Budowę filii Wojewódzkiego Centrum Onkologicznego zakończono w kwietniu tego roku. Pozostało tylko wyposażenie obiektu w sprzęt. Choć ostatnia prosta wcale nie miała być najłatwiejszą i najtańszą, wszyscy byli przekonani, że zostanie pokonana szybko i w 2015 roku pierwsi chorzy będą leczeni w Kaliszu. Jednak Ministerstwo Zdrowia przygotowało niespodziankę. - Mamy poważny problem i nie możemy go ukrywać – mówi Julian Malicki z Wielkopolskiego Centrum Onkologii w Poznaniu. - Rada Ministrów anulowała na ten rok zakupy aparatury do radioterapii z Narodowego Programu Zwalczania Chorób Nowotworowych. Informacja ukazała się kilka dni temu i sami jesteśmy nią zaskoczeni. Akcelerator, który miał być z tego programu kupiony i zainstalowany w Kaliszu, znikł. Tak jak źródło finansowania takich zakupów, które funkcjonowało od 9 lat. W skali kraju to ok. 90 milionów rocznie – dodaje profesor Malicki.
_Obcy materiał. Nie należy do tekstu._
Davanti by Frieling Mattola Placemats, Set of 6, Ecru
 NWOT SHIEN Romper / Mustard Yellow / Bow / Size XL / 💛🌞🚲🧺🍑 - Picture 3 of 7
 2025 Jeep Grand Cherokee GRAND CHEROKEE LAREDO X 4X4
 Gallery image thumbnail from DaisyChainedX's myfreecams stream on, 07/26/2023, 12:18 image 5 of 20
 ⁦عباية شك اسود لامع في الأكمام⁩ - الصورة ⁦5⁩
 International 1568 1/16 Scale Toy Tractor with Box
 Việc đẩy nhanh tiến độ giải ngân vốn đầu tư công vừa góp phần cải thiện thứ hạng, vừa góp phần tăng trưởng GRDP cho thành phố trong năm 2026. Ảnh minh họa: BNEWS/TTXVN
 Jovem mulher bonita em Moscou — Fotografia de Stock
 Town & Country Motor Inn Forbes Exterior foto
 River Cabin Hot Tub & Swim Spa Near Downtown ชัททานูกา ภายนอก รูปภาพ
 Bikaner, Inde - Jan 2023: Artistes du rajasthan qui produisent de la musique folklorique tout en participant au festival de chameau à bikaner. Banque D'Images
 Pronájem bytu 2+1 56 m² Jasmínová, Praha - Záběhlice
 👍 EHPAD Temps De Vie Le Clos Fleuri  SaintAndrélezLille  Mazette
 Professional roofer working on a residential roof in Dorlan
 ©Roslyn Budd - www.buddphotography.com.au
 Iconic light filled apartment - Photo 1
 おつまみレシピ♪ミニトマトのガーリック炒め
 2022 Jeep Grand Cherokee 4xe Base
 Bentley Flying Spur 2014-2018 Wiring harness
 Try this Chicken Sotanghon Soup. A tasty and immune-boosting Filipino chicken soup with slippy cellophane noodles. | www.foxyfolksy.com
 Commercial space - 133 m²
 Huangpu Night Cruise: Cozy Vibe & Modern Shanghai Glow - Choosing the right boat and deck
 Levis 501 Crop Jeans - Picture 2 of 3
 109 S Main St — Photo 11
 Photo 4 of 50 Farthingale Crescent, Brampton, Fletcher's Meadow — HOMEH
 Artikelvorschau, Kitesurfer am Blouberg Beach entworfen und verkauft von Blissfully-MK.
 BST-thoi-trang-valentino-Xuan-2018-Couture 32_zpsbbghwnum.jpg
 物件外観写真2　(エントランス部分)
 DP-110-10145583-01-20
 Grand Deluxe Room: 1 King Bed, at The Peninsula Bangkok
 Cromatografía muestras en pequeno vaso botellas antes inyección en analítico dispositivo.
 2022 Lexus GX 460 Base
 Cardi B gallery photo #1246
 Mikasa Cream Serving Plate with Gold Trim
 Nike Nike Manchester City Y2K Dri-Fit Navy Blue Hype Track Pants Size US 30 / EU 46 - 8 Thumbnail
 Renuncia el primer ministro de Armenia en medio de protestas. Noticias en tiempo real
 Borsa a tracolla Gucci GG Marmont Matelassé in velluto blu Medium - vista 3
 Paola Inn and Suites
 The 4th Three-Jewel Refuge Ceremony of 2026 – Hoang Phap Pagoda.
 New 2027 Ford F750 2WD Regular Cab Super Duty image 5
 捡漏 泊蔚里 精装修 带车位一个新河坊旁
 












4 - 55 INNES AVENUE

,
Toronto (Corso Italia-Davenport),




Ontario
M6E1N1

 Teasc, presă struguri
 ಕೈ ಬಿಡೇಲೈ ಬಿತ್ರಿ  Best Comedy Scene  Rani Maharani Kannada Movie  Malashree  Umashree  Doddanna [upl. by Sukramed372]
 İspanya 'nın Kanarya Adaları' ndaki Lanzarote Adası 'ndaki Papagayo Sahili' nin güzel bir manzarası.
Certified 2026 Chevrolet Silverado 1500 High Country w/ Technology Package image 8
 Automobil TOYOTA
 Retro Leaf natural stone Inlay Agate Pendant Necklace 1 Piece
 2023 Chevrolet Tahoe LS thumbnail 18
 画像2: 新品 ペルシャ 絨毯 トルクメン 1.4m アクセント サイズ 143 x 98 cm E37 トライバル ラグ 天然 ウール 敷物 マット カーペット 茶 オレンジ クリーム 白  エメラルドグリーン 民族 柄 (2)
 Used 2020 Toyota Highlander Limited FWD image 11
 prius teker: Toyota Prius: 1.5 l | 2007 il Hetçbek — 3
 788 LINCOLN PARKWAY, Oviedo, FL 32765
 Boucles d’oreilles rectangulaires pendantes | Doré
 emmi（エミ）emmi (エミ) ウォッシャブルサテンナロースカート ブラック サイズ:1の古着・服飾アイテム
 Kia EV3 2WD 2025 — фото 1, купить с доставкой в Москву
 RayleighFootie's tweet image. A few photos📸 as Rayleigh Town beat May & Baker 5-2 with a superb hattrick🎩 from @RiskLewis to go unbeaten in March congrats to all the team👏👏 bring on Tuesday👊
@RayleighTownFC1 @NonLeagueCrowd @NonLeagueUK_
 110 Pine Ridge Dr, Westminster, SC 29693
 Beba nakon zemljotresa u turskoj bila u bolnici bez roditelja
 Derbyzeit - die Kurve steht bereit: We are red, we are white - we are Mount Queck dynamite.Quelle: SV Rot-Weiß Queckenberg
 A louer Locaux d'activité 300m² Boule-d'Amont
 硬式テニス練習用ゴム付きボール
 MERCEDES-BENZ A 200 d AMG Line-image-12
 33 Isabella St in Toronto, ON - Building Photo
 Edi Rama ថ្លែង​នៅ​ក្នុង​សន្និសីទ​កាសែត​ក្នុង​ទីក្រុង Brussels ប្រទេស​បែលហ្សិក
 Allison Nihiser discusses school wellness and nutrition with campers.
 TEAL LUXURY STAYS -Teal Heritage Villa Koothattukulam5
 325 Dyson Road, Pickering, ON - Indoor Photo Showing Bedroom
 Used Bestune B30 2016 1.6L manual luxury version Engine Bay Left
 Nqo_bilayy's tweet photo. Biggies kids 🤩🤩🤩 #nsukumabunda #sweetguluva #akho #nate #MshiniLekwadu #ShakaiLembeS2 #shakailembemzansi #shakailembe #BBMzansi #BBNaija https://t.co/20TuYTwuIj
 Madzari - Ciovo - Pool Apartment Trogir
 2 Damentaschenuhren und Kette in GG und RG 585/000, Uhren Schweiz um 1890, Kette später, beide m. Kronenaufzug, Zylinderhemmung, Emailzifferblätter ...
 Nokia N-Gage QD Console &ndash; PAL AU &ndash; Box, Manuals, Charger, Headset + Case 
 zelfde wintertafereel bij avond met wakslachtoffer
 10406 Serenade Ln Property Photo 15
Akcelerator kosztuje od 8 do 10 milionów złotych. To ogromna kwota. Aby oddział radiologii mógł ruszyć, potrzebne są dwa takie urządzenia. Od początku nikt nie miał jednak złudzeń, że Kalisz nie otrzyma pieniędzy z budżetu państwa na oba, dlatego WCO poradziło sobie we własnym zakresie. - Dla Kalisza przeznaczyłem jeden z poznańskich akceleratorów. Gdybyśmy czekali na pieniądze na zakup dwóch nowych to oddział kaliski mógłby zacząć działać dopiero za kilka lat – mówi o pomyśle wyjścia z sytuacji Julian Malicki. Teraz się okazuje, że ten zabieg nie pomógł. A chodzi przecież o czas, którego chorzy na raka nie mają. W Wielkopolskim Centrum Onkologicznym każdego roku naświetlaniom poddawanych jest około 5 tysięcy nowych chorych. Pacjent w ciągu życia przechodzi radioterapię tylko raz. Trwa ona od 20 do 40 dni. Kaliski oddział docelowo ma leczyć od 800 do1000 osób. - Im szybciej ruszymy tym szybciej osoby chore z południowej Wielkopolski będą miały bliżej na leczenie. I więcej osób będzie mogło korzystać z tej formy walki z nowotworami – podkreśla profesor Malicki. - Wielu chorych nie przechodzi bowiem takiej terapii ze względu na odległość między ich miejscem zamieszkania a szpitalami z odpowiednią aparaturą.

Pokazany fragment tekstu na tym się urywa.